This is a follow-up to
#774682: Convert to use Drupal Queue

Since converting to Drupal Queue, the number of jobs in my test site's queue keeps growing. (I only realized this due to implementing a fix for #1432050: Show parsing status on branch admin page, and seeing the number growing instead of shrinking each cron run.)

The reason is that when we were using Job Queue, we were calling job_queue_add() with a $no_duplicates = TRUE argument, which made sure that no duplicate jobs were added. But now that we are using Drupal Queue, duplicate jobs are added each cron run, because each cron run the parser checks to see what needs updating (what files have been touched since the last time they were parsed), and adds all of them to the Drupal Queue.

There doesn't seem to be a way to tell Drupal Queue to avoid adding duplicates, unfortunately.
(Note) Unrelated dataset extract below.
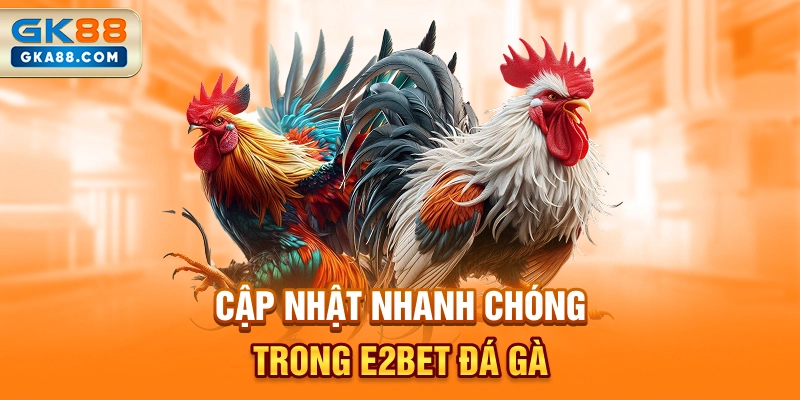 cap-nhat-nhanh-chong-trong-e2bet-da-ga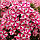 Флокс Peppermint Twist, фото 3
The Drupal Queue that we are using is a backport of the Drupal 7 core queue, and it doesn't have this ability.

We might need to go back to Job Queue... The only other option I can think of is keeping track in the API module. This is actually feasible, because we could put queued items in a table and then when the parse function is called, remove them again. But it seems a little pointless then to use Drupal Queue if we have to keep track ourselves?
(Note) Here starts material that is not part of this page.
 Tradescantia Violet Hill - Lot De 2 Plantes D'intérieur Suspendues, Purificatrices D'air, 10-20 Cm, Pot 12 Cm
Anyway, the current state of things is *not* OK. It would never finish parsing.

Comments

jhodgdon’s picture

I had a conversation with drumm about this in IRC:

(02:38:10 PM) drumm: jhodgdon: I'm not maintaining Job Queue at all, and don't really want to see it maintained since Drupal queue is supposed to replace it

(02:40:21 PM) drumm: jhodgdon: I think we probably want to add a "status" column to api_file for marking this. Not sure if status is the right name. Anyway, needs to store at least "queued, or up to date"

(02:40:56 PM) drumm: maybe a "not up to date & not queued" status, but that doesn't really happen I think
(02:40:57 PM) jhodgdon: drumm: I guess it would need to store a "when" in that column perhaps?
(02:41:09 PM) jhodgdon: drumm: yeah... ok I can work with that idea
(02:41:30 PM) drumm: jhodgdon: there is the timestamp column we are already using, but I'm wary of being too clever with it

I think this is probably the right approach to fixing this problem.

jhodgdon’s picture

More thoughts on this after more IRC conversation with drumm:

We also need to consider what to do for new files, which don't yet have entries in {api_file} or {api_documentation}. There are two possible approaches:

a) When encountering a new file, save it in both tables, with a stub entry. This means the file might show up in listings before it is parsed, but that is probably OK.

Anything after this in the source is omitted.